Christopher GRAY, Armand Guillaumin, 1996
Portrait des deux peintres
Clémentine Ballot et Armand Guillaumin, peignant ensemble à Crozant en 1916. Coll. Part.

Clémentine Ballot et Armand Guillaumin partagent les même motifs, non seulement à Crozant mais aussi à Agay, dans le sud de la France, où des photographies, prises par le mari de Clémentine, les montre devant leurs chevalets. Et quand ils ne sont pas ensemble, ils correspondent régulièrement pour se donner des nouvelles de leurs familles. Durant la Première Guerre mondiale, tous deux séjournent régulièrement à Crozant où ils apprécient de se tenir à l’écart de l’agitation de la capitale. C’est une période pendant laquelle, les deux peintres ne sont pas seulement liés par l’art, mais aussi par le soucis qu’ils se font pour leurs proches. Le fils aîné de Guillaumin est blessé à la bataille de la Marne et le mari de Clémentine est également sur le front, comme photographe de guerre. Malgré tout, ils réalisent durant ces années difficiles quelques-unes de leurs plus belles toiles, dont les fameuses “gelées blanches” qui plaisent tant au public parisien.

“Le vieux peintre se lève à l’aube, enfile ses vêtements les plus chauds, se couvre de plusieurs couches de papier journal sous son pardessus pour se protéger du froid glacial et se dirige vers l’Hôtel Lépinat où il réveille Mme Ballot. Puis ils vont ensemble jusqu’au pont Charraud pour peindre une “gelée blanche”.

Christopher GRAY, Armand Guillaumin, 1996

Le coup de pouce de Guillaumin

Profitant de sa notoriété et de son influence, Guillaumin décide de promouvoir la carrière de sa protégée. Dans une lettre de 1919, il insiste auprès du galeriste George Petit pour que celui-ci prennent en considération le travail de Mme Ballot. Celle-ci finira effectivement par exposer chez le marchand d’art, ainsi que dans plusieurs autres galeries parisiennes lors d’expositions saluées par les critiques.

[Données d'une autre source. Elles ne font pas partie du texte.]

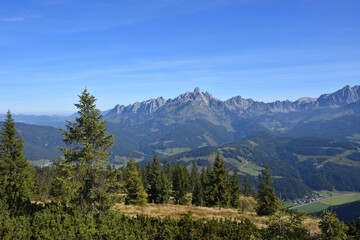 Fototapeta na wymiar Blick vom Rossbrand auf das Dachsteingebirge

Décédé en 1927, Guillaumin n’a pas vécu assez longtemps pour voir Clémentine Ballot recevoir la Légion d’honneur et son travail être récompensé de deux prix de peinture. Mais il avait sût dès le début reconnaître son talent, et ne s’était pas trompé.

Pour conclure, laissons la parole à Clémentine elle-même :

“Guillaumin travaillait à Crozant. Il s’intéressa tout de suite à ce que je faisais et ne tarda pas à me proposer l’échange, contre un de ses tableaux, d’une de mes modestes toiles. C’était un paysage de Loguivy. Rien de commun avec la Creuse. Il l’accrocha dans sa salle à manger, à Paris, au milieu de ses propres œuvres préférées. Un tel honneur me confondit. Je dois beaucoup à Guillaumin.”